## Supplied data
================================

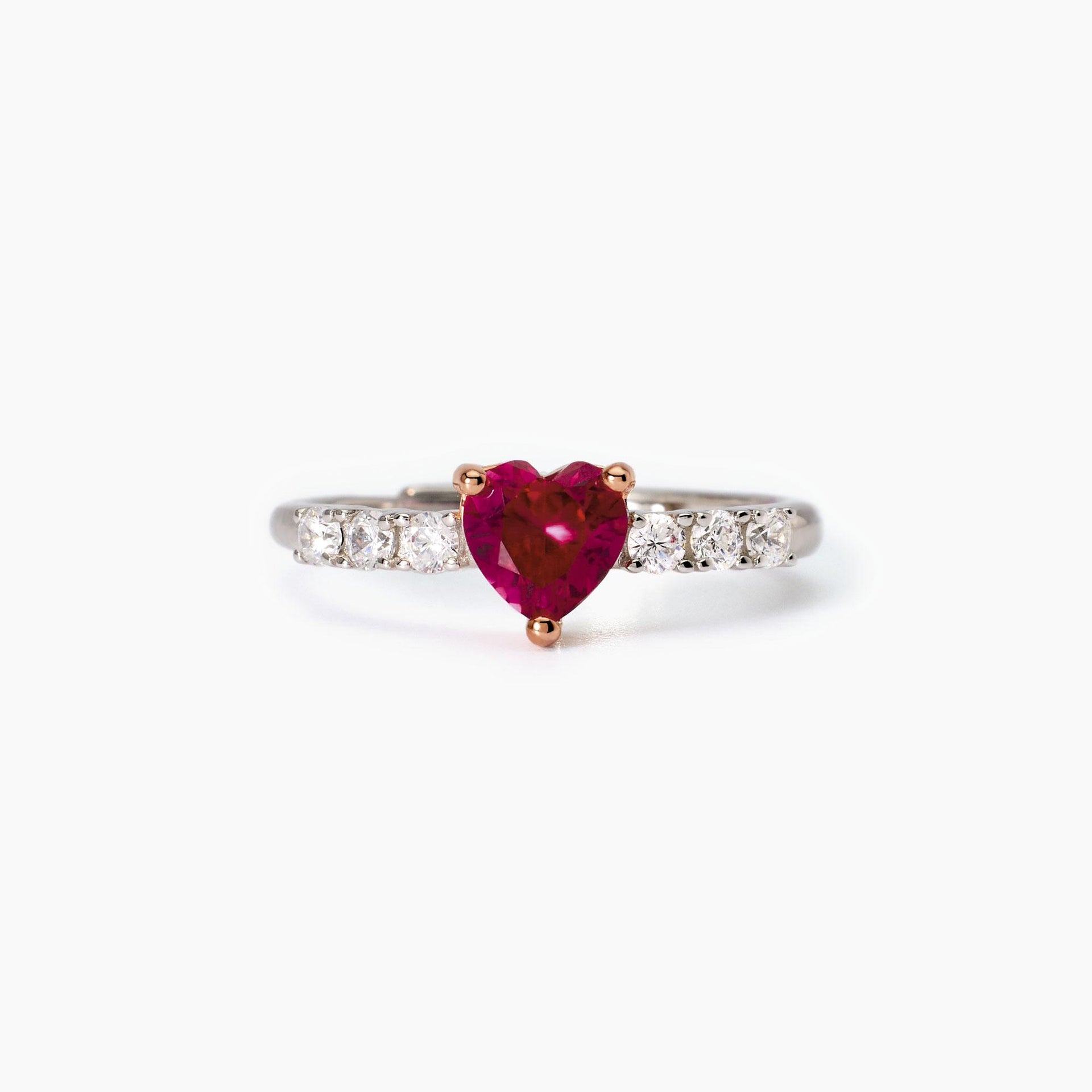 ANELLO CON RUBINO BIRMANO E PAVE' DI DIAMANTI in oro bianco 18kt, con ANELLO CON RUBINO BIRMANO E PAVE' DI DIAMANTI in oro bianco 18kt, con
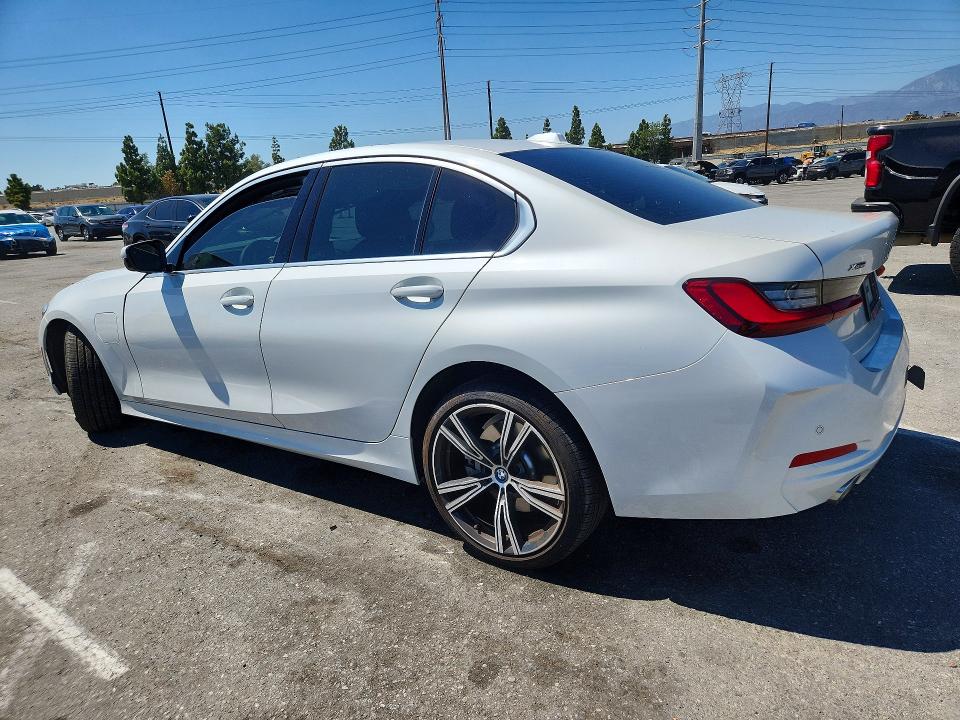 Photo 2 from auction – 2024 BMW 330XE with VIN 3MW39FS07R8E60663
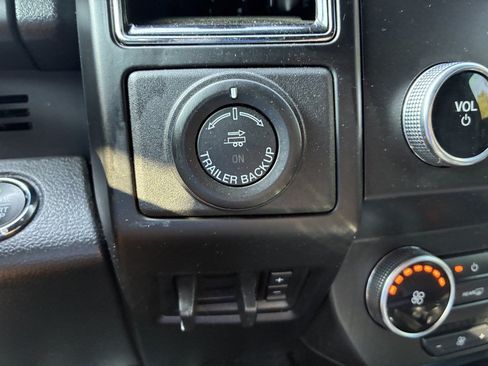 Used 2020 Ford Expedition XL AWD/4WD image 10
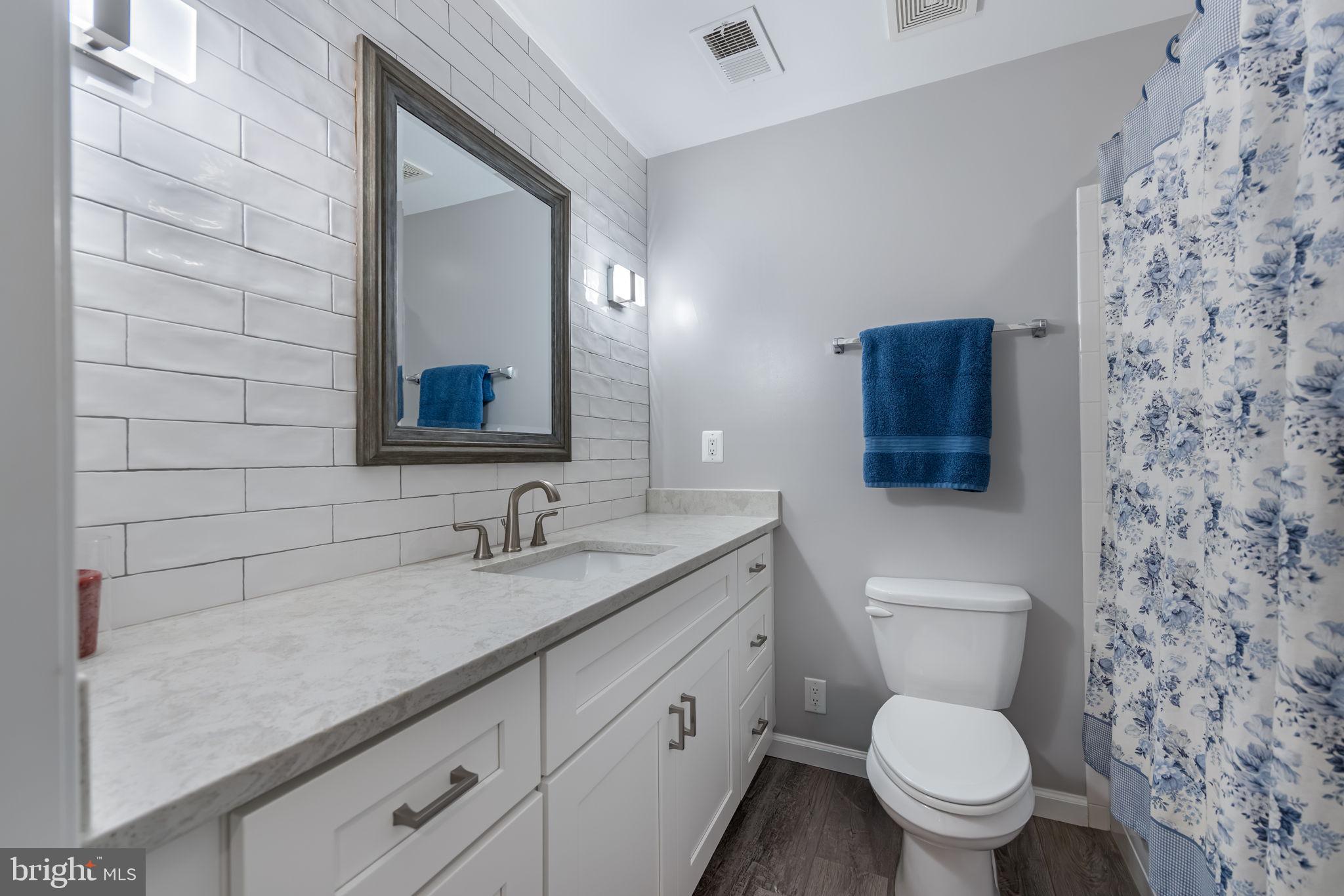 AUSTIN RIDGE - Residential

================================

## Exercise
The expected output is the full material above, word for word, without pictures.

## Solution below
 ANELLO CON RUBINO BIRMANO E PAVE' DI DIAMANTI in oro bianco 18kt, con ANELLO CON RUBINO BIRMANO E PAVE' DI DIAMANTI in oro bianco 18kt, con
 Photo 2 from auction – 2024 BMW 330XE with VIN 3MW39FS07R8E60663
 Used 2020 Ford Expedition XL AWD/4WD image 10
 AUSTIN RIDGE - Residential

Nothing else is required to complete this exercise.